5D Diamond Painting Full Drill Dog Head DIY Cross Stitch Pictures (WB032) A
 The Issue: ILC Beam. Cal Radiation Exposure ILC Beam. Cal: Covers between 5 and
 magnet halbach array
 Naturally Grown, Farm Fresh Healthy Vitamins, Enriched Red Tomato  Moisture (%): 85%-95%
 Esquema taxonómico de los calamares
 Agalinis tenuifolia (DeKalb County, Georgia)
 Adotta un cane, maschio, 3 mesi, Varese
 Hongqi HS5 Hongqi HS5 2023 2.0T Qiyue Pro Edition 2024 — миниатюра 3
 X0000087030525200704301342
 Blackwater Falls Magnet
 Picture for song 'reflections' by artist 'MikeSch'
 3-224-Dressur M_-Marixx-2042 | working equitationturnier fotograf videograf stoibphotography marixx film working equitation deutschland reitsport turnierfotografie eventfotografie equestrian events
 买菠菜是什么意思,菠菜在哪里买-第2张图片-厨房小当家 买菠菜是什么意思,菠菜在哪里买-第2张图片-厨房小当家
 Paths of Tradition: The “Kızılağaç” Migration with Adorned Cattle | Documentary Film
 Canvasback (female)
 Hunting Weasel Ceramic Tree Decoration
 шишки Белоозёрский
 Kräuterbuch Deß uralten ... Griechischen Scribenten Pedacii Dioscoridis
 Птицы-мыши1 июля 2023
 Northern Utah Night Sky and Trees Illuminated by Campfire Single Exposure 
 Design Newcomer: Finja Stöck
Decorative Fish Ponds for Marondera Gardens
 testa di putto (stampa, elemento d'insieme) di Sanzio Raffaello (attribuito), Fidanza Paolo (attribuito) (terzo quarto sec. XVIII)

- [Assignment]: Where the word "Exposure" appears in a line of the entries, copy that line.

- [Expected output]:
 The Issue: ILC Beam. Cal Radiation Exposure ILC Beam. Cal: Covers between 5 and
 Northern Utah Night Sky and Trees Illuminated by Campfire Single Exposure 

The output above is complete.